La forêt humaine de Fernand Lattion

A 73 ans, Fernand Lattion ( deux tt et non pas th, attention !) a entré dans son ordinateur plus de 61’000 personnes du district d’Entremont, principalement de Liddes d’où il est originaire, mais aussi de Bovernier, de Fully et même du Val d’Illiez, vallée où se sont exportées quelques branches de son propre arbre familial. Enbrigadé dans cette passion qu’avait déjà sa maman, le retraité passe toujours plusieurs heures par jour à l’affût de nouveaux noms à accrocher à ses multiples branches. 

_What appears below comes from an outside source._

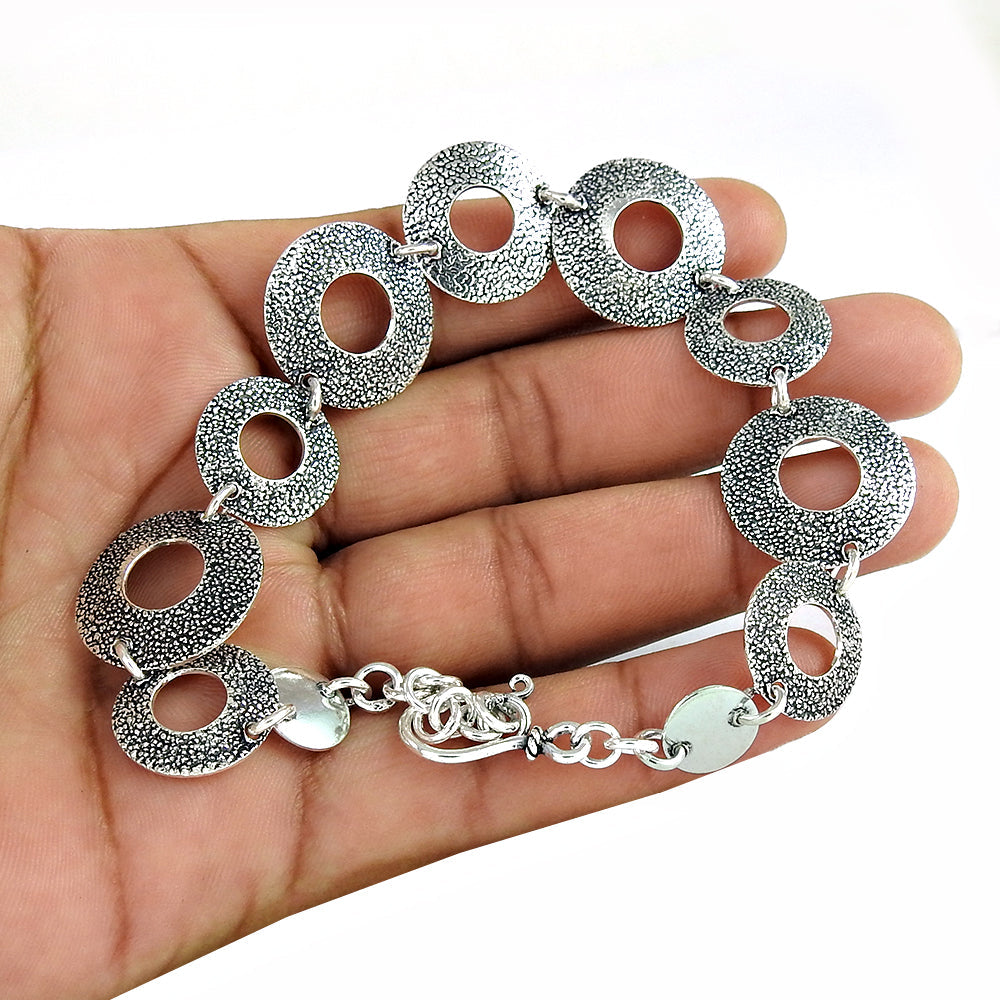 925 Sterling Oxidized Silver Ethnic Bracelet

Avenant, drôle et souriant, Fernand Lattion est surtout « super », comme le résume concisement mais parfaitement sa femme Michelle. Cet adjectif familier supplante toutes les descriptions fastidieuses : Fernand est un chic type, si vous préférez. A des kilomètres d’être traité de pénible, il ronchonne peu, rechigne jamais à la tâche qu’il abat plusieurs heures par jour et fait peu de bruit, mis à part quand il chante : «  Heureusement que les voisins le connaissent bien et qu’ils l’apprécient ! sinon ils auraient de la peine à supporter ! » sourit sa femme, qui a l’habitude de l’entendre s’époumoner : une activité qui lui a toujours plu et qui lui a d’ailleurs valu le surnom de «  le noir ». Non pas la couleur politique ni même le nom de famille français, mais bien le titre du tube de Johnny  « noir c’est noir » qu’il chantait à tue-tête « lorsqu’il était plus jeune » : « Certains ne savent même pas que je m’appelle Fernand Lattion. » Lattion, de la noble lignée des deux tt de Liddes évincé par un surnom, vous rendez-vous compte ?

61 329 noms informatisés 

Occupé, Fernand l’a toujours été et l’est resté même à la retraite. De l’époque où il travaillait encore, il a gardé sa maîtrise du bois :  en tant qu’ancien menuisier, il a aménagé son atelier au sous-sol de la maison familiale à Fontaine-Dessus : « Nous avons suivi les origines de madame » précise-t-il avec un clin d’œil, comme pour s’excuser d’avoir abandonné Liddes. Entouré de ses outils, il s’y enferme plusieurs heures par jour pour s’adonner à la sculpture tout en fredonnant : « Quand je l’entends chanter, je sais qu’il y est. » Mais auparavant, Fernand aura déjà allumé son ordinateur, ouvert le logiciel Heredis qui lui a facilité la vie au passage de la numérisation de ses écrits, inséré les nouveaux noms du jour (dénichés sur le Nouvelliste principalement, les registres paroissiaux et les archives ayant déjà été épluchées ), collecté les dates minutieusement : « J’en ai 61329. J’ai commencé vers l’âge de 40 ans. » Car si la passion l’a pris très fortement, elle ne s’est toutefois pas manifestée d’emblée…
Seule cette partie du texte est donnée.